Avoid Awkward First Dates (And Leave Her Wanting More)

Collapse

MillionaireMatch

Collapse
X
  • Filter
  • Time
  • Show
Clear All
new posts

  • Avoid Awkward First Dates (And Leave Her Wanting More)

    I have a couple of questions:

    - During the initial stages of getting to know a new woman and going out on dates, is it best to frame the invitation (from me to her) with an emphasis on she and I getting together (and make the thing we'll actually be doing a mere decoration around us), or make the invitation one emphasizing the activity itself?

    That is to say, in your experience, is it better to make it an invitation to spend time together, or to do a particular activity? Hope that makes sense.

    - Perhaps an odd question, but one that I've always wondered about. When on a date, say at a lounge for drinks or at a restaurant for dinner, and the woman goes to the restroom, what's the best thing to be doing when she's coming back?

    I always find this awkward because you're just sitting there, really with nothing to do, and it feels like I'm powerless in a sense during those moments. I'm sure, having dated a lot yourself, you've developed an approach that works well for you. I'd like to hear what it is.

    Thanks a million. Best regards,


  • #2
    Hello Clay:

    Great questions.

    The overarching theme here is not to think too hard about any of what you are mentioning here.

    If you over analyze, it'll spin yourself into "analysis paralysis" and the resulting insecurity will bury you regardless of which way you go...every time.

    To answer your first question, I'd recommending a "both...and" approach instead of an "either...or".
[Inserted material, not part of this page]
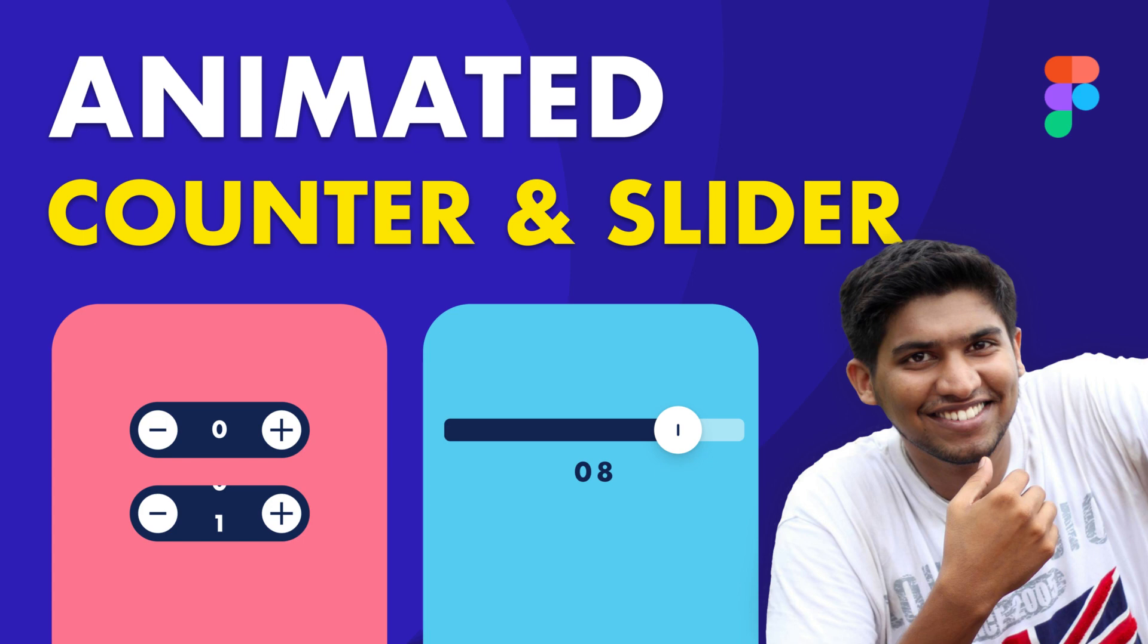Hey everyone, welcome back to another Figma tutorial. Today I will show you how you can animate numbers in counter, slider and loading screen. Thanks to Neetish for suggesting this video topic. You can also share new video and animation ideas in the comment below.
    In other words, it doesn't have to be positioned as either something cool to do or a chance to hang out with a cool guy like you.

    It's kind of like asking if you should press the clutch or shift the gears when driving. See what I mean?

    The premise is that because you're such an amazing guy, of course you're going to plan amazing dates.

    And yet, said "amazing date" doesn't have to be a huge, financially draining production of an event, either.

    In fact, the likelihood is that a natural setting doing something normal people do anyway will be much more amenable to getting to know each other more effectively anyway.

    Try something like: "Hey, I'm planning to go to the Bombay or Pier One to pick out a new lamp for the living room. I could use a woman's insight. How about you join me?"

    It doesn't really matter where you are going and what for, as long as it isn't too downscale (e.g. to the Circle K...) or creepy (...for some Preparation H).

    Of course, it goes without saying that avoiding lounges and restaurants altogether obviates your second question entirely.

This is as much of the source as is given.